California ISO officials told the Utah Public Service Commission on the record that the Western Energy Imbalance Market (WEIM) has produced multibillion‑dollar economic benefits and that the ISO is on track to launch its Extended Day‑Ahead Market (EDAM) with Pacific‑core participants in May 2026.
“We facilitate market trades, but we do not act as a market participant,” said Anna McKenna, vice president of market design analysis for the California ISO, describing the ISO’s role as neutral operator of the grid and markets.
The briefing covered three operational items that the ISO said drive WEIM benefits: a large, geographically diverse pool of resources that reduces production costs; real‑time optimization every 15 and 5 minutes that helps manage changing weather and renewables; and procedures that test participant readiness so the market produces feasible dispatches. Anna McKenna said WEIM has produced more than $7 billion in estimated economic benefits since 2014 and cited improved reliability and lower emissions as additional outcomes.
Anya Gilbert, lead policy developer at the ISO, and Milos Kosanec, regional market sector manager, described EDAM as a voluntary day‑ahead market that would extend least‑cost, portfolio‑level optimization across a larger Western footprint. The ISO’s planned EDAM functions include an integrated forward market (financial clearing), a residual unit commitment that ensures reliability if the market alone does not produce feasible schedules, and separate pricing for uncertainty. The ISO confirmed Pacific‑core entities are the initial set for EDAM go‑live in May 2026 and listed other expected implementation dates for later participants.
The ISO explained procedures intended to limit operational risk if an entity cannot show sufficient forward resources. The day‑ahead “resource efficiency evaluation” tests whether each participant can meet its forecasted load and uncertainty; ISO staff said the test is run before day‑ahead clearing and uses a high percentile forecast to capture uncertainty. If an entity fails, staff said there is a tiered set of consequences, opportunities to “cure” the deficiency, and a fallback to real‑time WEIM testing if the problem persists.
The ISO also described the assistance energy transfer product that lets entities opt in to pay a defined surcharge when they exceed prior transfer levels during tight conditions. Holly Taylor of the ISO said the surcharge is calculated after market clearing and is tied to a cap price (roughly in the thousands of dollars per unit in the emergency pricing example the ISO described); entities opt in by day for standard use and the product has been used by roughly 10–11 balancing areas at times.
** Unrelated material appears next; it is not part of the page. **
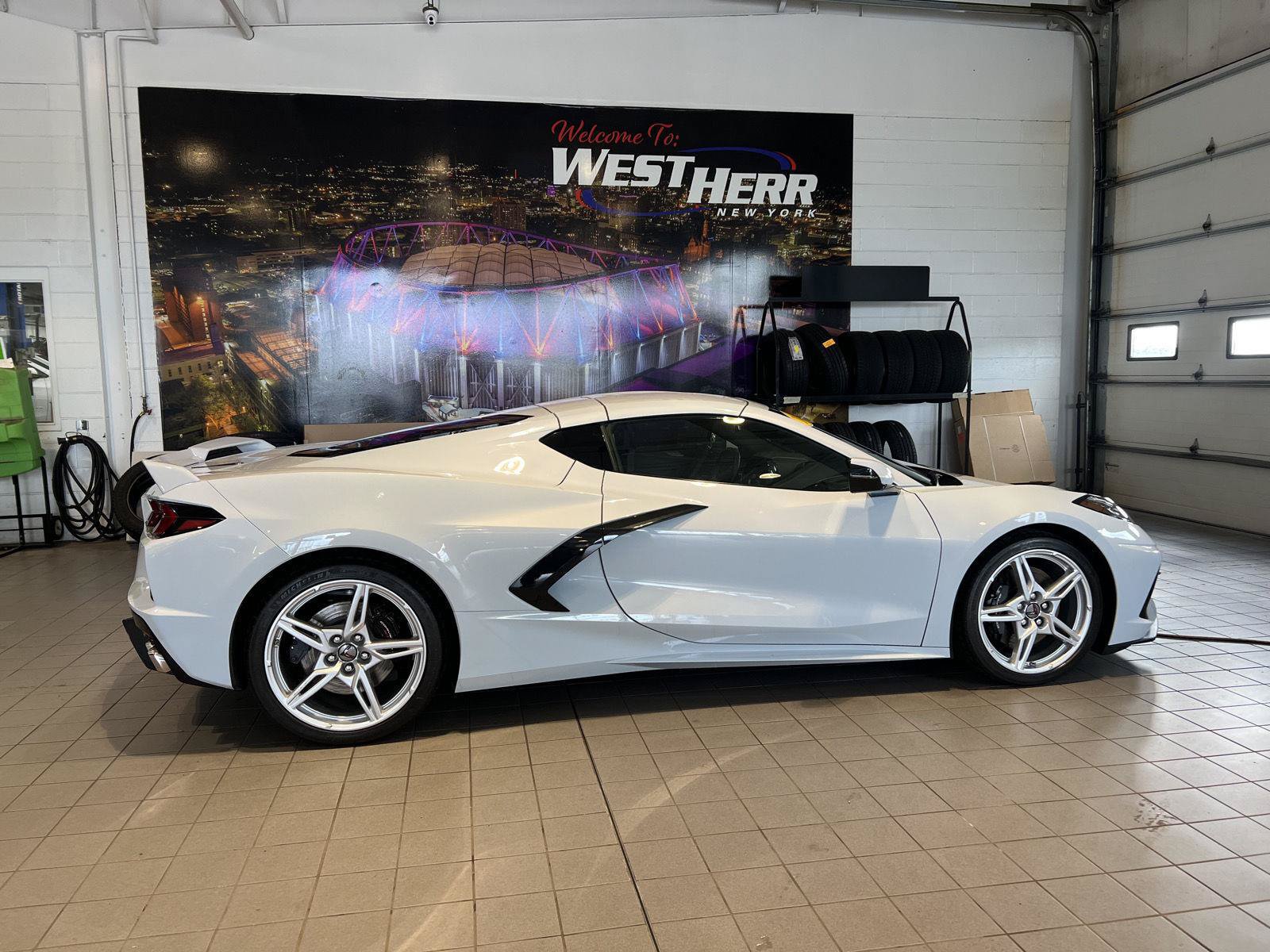 Used 2022 Chevrolet Corvette Stingray Coupe w/ Z51 Performance Package RWD image 30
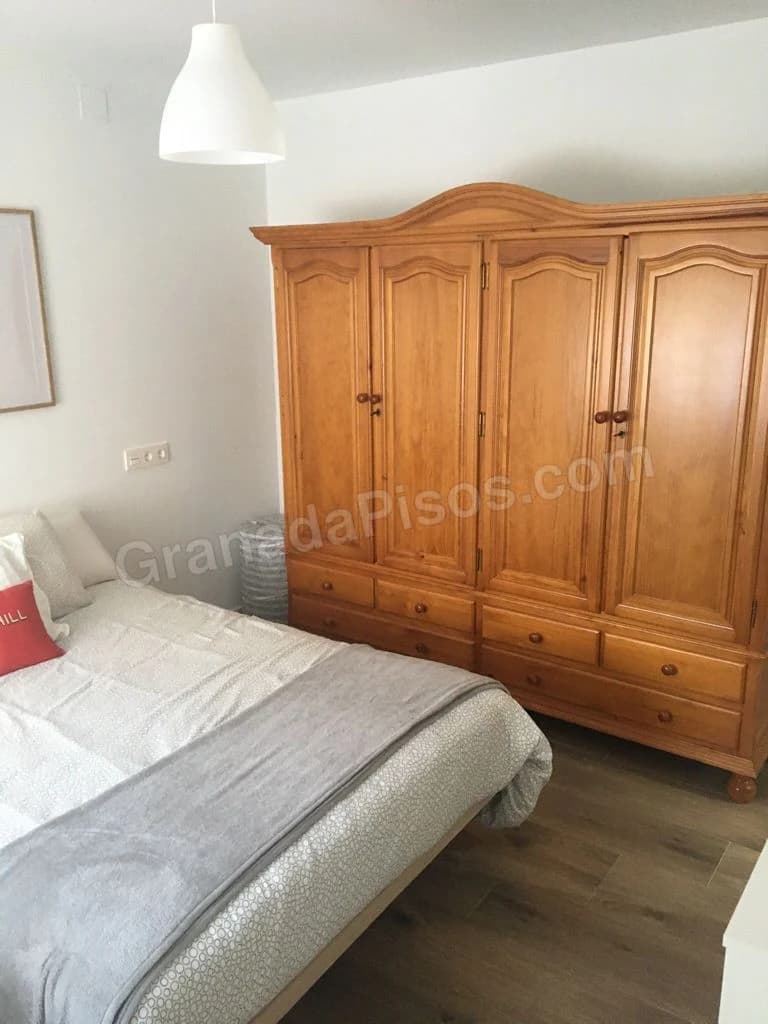 Habitación en Plaza de Toros / Doctores (2)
Utah Division of Public Utilities staff asked about detailed benefit calculations and the ISO said it publishes a methodology and quarterly reports and performs counterfactual analysis comparing market outcomes to a no‑market base schedule case. The ISO agreed to provide links and quarterly detail to commission staff.
The ISO asked stakeholders to weigh operational and design choices as EDAM is implemented and said it will continue stakeholder engagement and monitor effects after go‑live. Officials invited regulators and staff to follow‑up technical workshops and training sessions planned before implementation.
The ISO’s presenters at the briefing were Anna McKenna (California ISO, vice president, market design analysis), Anya Gilbert (California ISO, lead policy developer), Milos Kosanec (California ISO, regional market sector manager), Holly Taylor (California ISO), and Stacy Crowley (California ISO, vice president of external affairs). Utah participants included staff from the Utah Division of Public Utilities and commissioners of the Utah Public Service Commission.